Betty Davis, the funk singer and ex-wife of Miles Davis, has died. She was 77.
Davis' death was confirmed Wednesday by Rolling Stone, which cited her close friend Danielle Maggio. She reportedly died from natural causes.
Davis was active from the mid-1960s into the 1970s with singles like "Get Ready for Betty," and she released her debut album, Betty Davis, in 1973. She followed it up with the 1974 album They Say I'm Different and a third album, Nasty Gal, in 1975. The music wasn't commercially successful at the time, but she "left an underappreciated yet trailblazing body of work," Rolling Stone wrote in its obituary, noting Davis particularly earned a "cult following for her sexuality-laden lyrics." She was also married to Miles Davis for a year and appeared on the cover of his album Filles de Kilimanjaro.
Davis had mostly stepped back from public life in recent years, but she gave a few interviews in 2018 to promote a documentary about her, Betty: They Say I'm Different. "I didn't just fade off the planet," she told The Washington Post. "I just started living a quiet life back here.
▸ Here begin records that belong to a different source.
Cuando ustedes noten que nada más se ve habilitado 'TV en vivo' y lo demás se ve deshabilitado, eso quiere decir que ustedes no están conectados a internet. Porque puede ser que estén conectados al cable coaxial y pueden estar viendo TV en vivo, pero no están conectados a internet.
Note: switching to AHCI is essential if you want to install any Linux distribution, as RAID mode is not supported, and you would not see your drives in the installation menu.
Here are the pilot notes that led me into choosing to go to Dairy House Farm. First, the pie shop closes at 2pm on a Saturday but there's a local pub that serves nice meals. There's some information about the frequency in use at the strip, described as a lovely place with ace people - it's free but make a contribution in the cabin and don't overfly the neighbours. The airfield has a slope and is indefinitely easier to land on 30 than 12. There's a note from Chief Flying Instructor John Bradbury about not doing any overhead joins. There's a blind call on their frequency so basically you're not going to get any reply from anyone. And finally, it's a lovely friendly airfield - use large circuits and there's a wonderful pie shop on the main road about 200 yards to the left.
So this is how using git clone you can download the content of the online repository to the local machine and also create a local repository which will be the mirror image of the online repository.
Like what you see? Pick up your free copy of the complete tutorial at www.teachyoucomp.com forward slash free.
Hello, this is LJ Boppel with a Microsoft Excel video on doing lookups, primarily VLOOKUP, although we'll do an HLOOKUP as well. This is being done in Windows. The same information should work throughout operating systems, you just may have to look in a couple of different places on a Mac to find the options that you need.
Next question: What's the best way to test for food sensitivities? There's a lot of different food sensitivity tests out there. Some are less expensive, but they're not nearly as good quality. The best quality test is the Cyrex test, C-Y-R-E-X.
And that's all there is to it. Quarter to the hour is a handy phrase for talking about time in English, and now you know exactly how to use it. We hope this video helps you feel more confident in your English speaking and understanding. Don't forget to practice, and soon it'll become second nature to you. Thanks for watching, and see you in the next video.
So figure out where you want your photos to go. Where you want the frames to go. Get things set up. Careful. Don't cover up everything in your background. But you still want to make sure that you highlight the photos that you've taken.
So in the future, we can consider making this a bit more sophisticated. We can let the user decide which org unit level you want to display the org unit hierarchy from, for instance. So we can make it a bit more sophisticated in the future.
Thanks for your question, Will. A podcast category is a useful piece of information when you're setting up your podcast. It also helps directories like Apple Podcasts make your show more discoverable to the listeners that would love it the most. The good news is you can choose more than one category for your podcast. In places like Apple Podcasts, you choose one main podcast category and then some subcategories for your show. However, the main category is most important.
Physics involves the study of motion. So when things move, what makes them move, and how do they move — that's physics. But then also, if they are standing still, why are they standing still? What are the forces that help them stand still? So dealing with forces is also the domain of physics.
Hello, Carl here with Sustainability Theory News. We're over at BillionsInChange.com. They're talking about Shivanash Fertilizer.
I just decided that period of my life had changed." Speaking to The New York Times, she said she "never considered myself a great singer," but "I could connect with the ambience of a song." She released her first new song in decades, "A Little Bit Hot Tonight," in 2019.
In his 1989 autobiography, Miles Davis wrote that "if Betty were singing today, she'd be something like Madonna; something like Prince, only as a woman," per the Post. "She was the beginning of all that when she was singing as Betty Davis. She was ahead of her time." Indeed, writer Hanif Abdurraqib reflected Wednesday that the "reach of her influence & sonic lineage is immense," so much so that "you've heard her, even if you think you've never heard her."